Jinhua’s wealthiest son-in-law laments that leading mainland enterprises are also affected.

The son-in-law of Shao Qinxiang, founder of the Huayuan Group, known as the “richest man in Jinhua,” stated that mainland China’s leading enterprises are also facing intense competition.

Huayuan Group is one of the world’s largest suppliers of Vitamin D, as well as a provider of textiles, construction materials, and a mature copper processing plant. According to the 2024 Hurun Global Rich List, Shao Qinxiang ranks 1577th globally with assets of 16.5 billion, earning him the titles of “richest man in Jinhua” or “richest man in Dongyang.”

His son-in-law, Pan Jianfeng, serves as the Chairman of Zhejiang Huayuan New Energy Co., Ltd., a company established with a 200 million yuan investment from Huayuan in 2017.

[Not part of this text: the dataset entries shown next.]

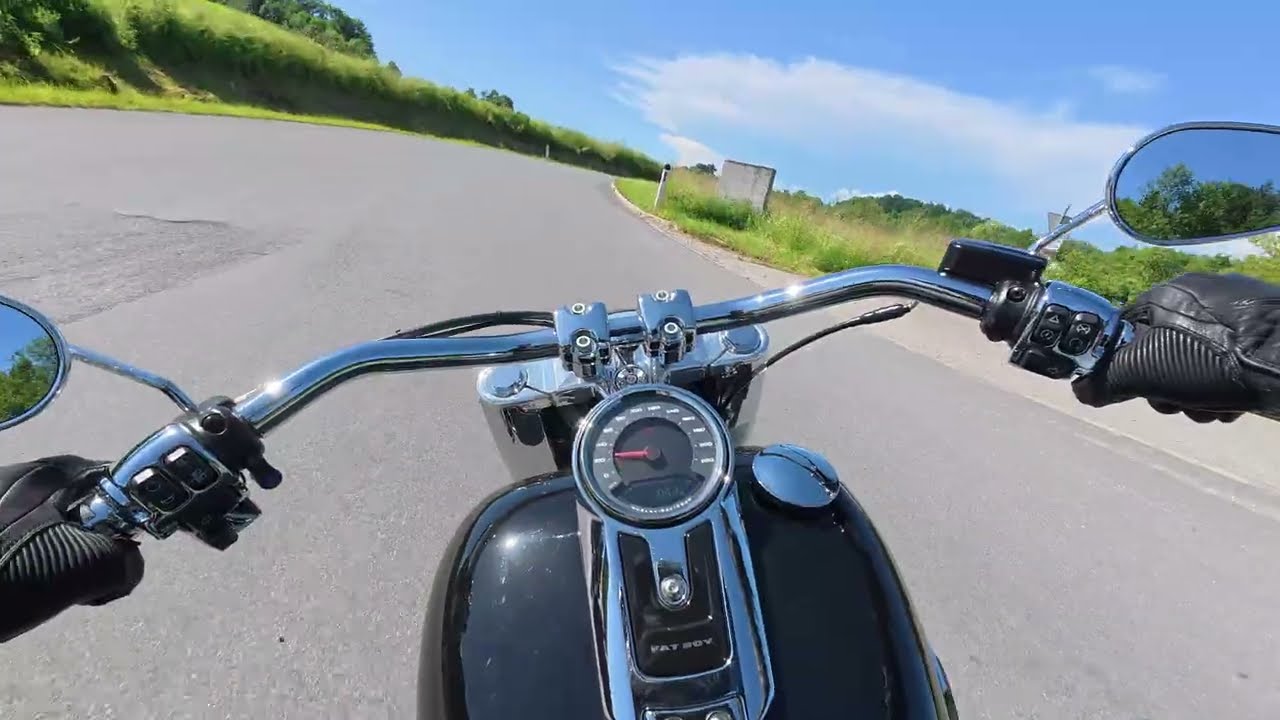 Harley Davidson Fat Boy 114 | POV Ride Harley Rosenau am Sonntagberg 2025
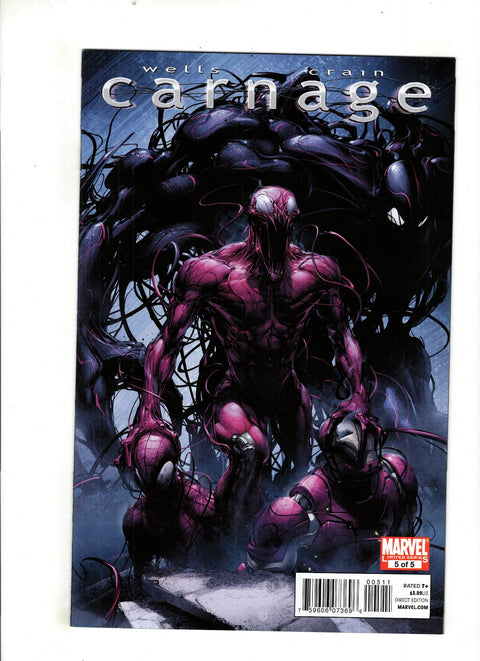 Carnage, Vol. 1 #5 (2011) Clayton Crain Clayton Crain Buy & Sell Comics Online Comic Shop Toronto Canada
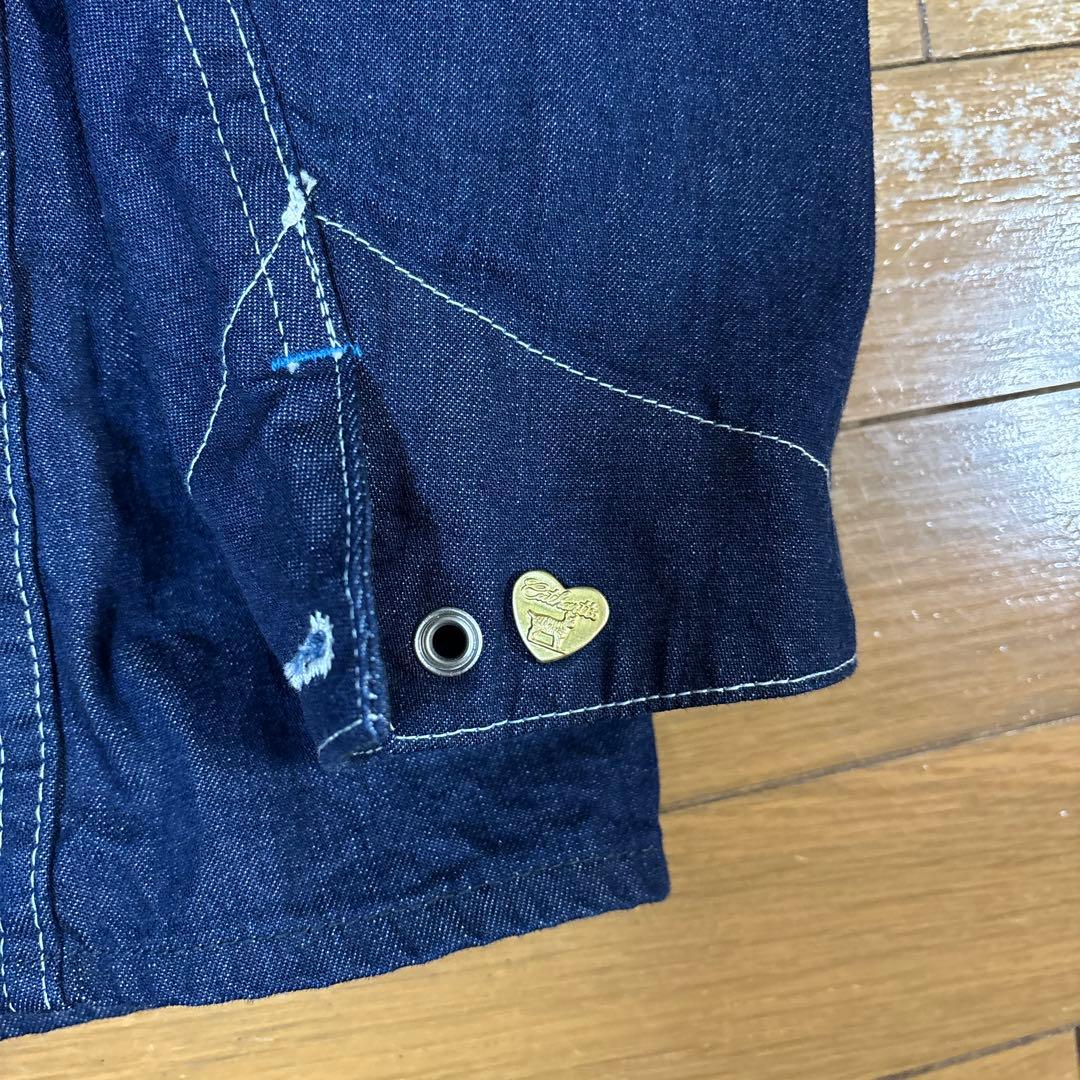 TCB インディゴデニム カバーオールサイズ42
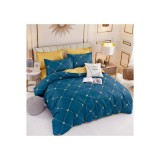 Cumpara ieftin Lenjerie de Pat, Bumbac Finet, 6 Piese, Pat Dublu -JOJ741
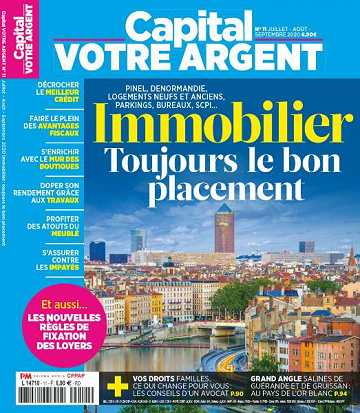 Capital Votre Argent - Juillet-Septembre 2020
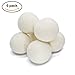 Balls Wool Dryer Laundry Dryer Balls Dryer Balls by Bestoss 6-Pack, XL Premium Laundry lambs Laundry ball Reusable Natural Fabric Softener
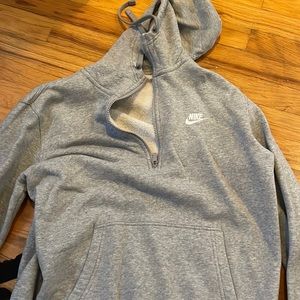 Nike half zip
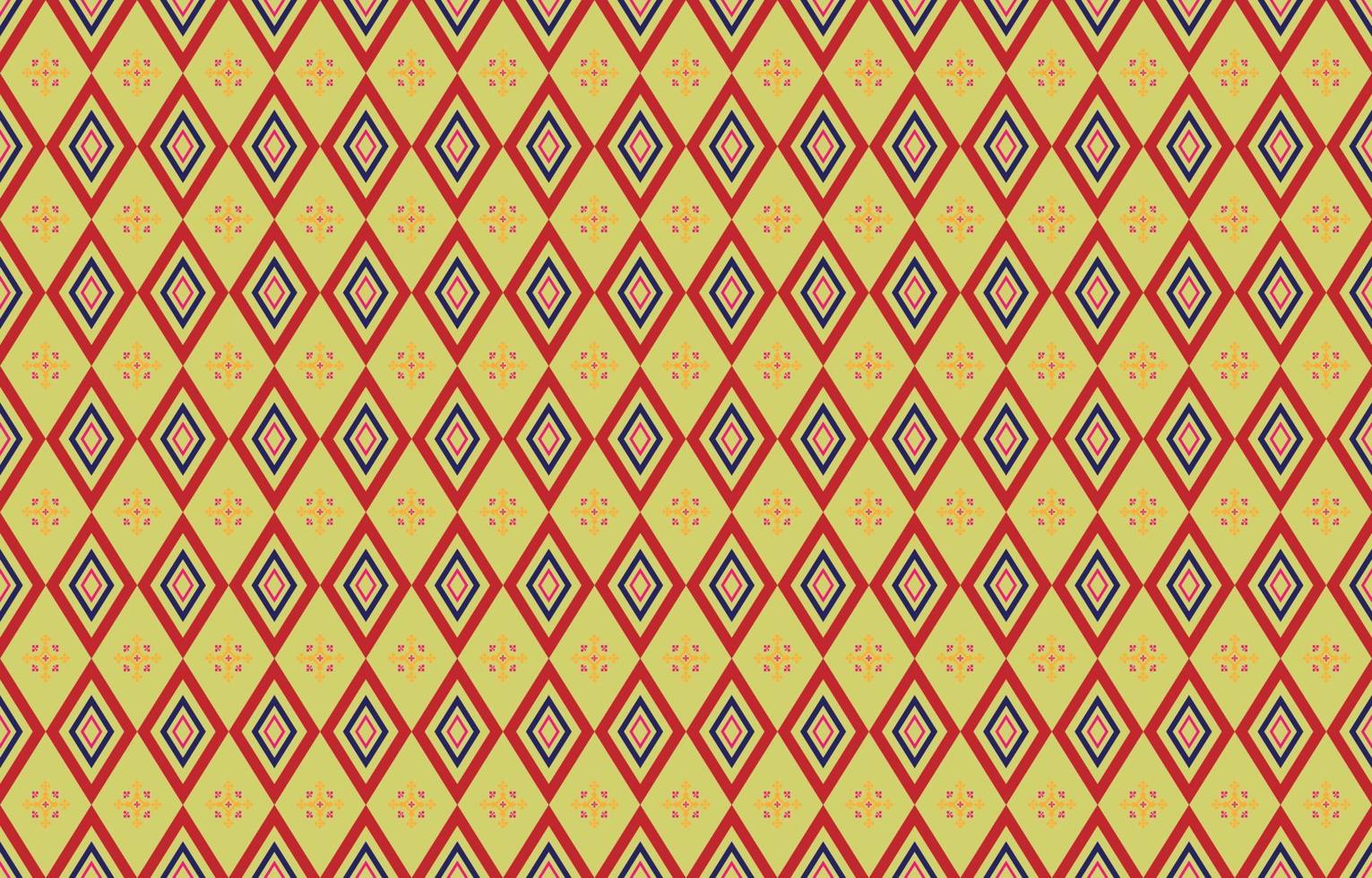 Abstract geometric and tribal patterns, usage design local fabric patterns, Design inspired by indigenous tribes. geometric Vector illustration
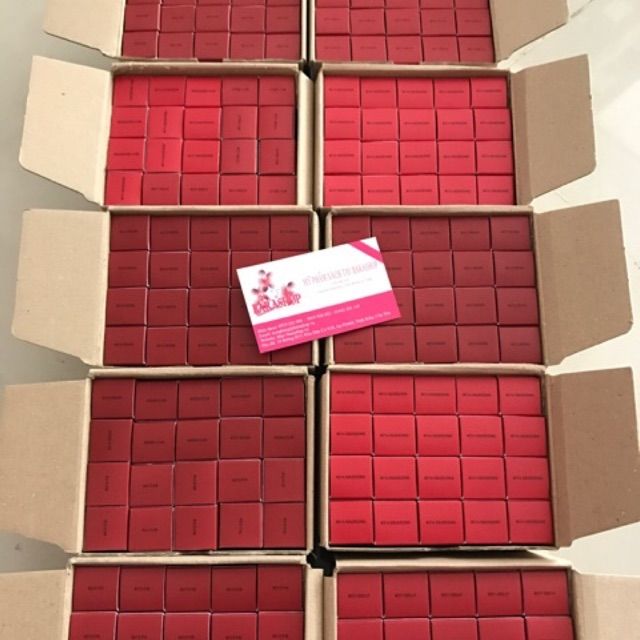 Son 3CE red recipe matte lip color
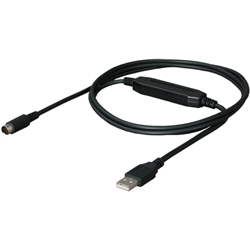三菱シーケンサ MELSEC-FXCPU対応RS-422⇔USBコンバータケーブル(2m)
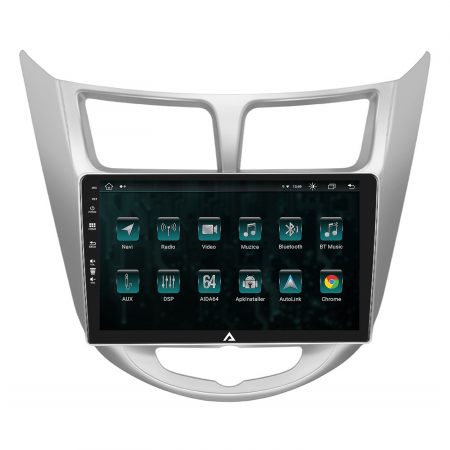 Carplay Android Hyundai Accent (2011-2016) 8+256GB | AutoDrop.ro [2]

In a recent interview with Bloomberg, Pan Jianfeng mentioned that the competition had been overly intense in the past two years. The company he manages is a medium-sized copper processing company that has shifted its focus from traditional copper processing to producing high-performance copper foil.

Pan previously worked as a journalist for China Daily and later pursued his studies in the United States. Upon returning to China with a Master of Business Administration degree, he advised Shao Qinxiang to shift from traditional copper products to producing foil materials essential for technology companies.

His recommendation proved successful as the company quickly became a supplier to BYD electric vehicles and CATL battery company. However, he did not anticipate that other companies would quickly emulate their approach and products.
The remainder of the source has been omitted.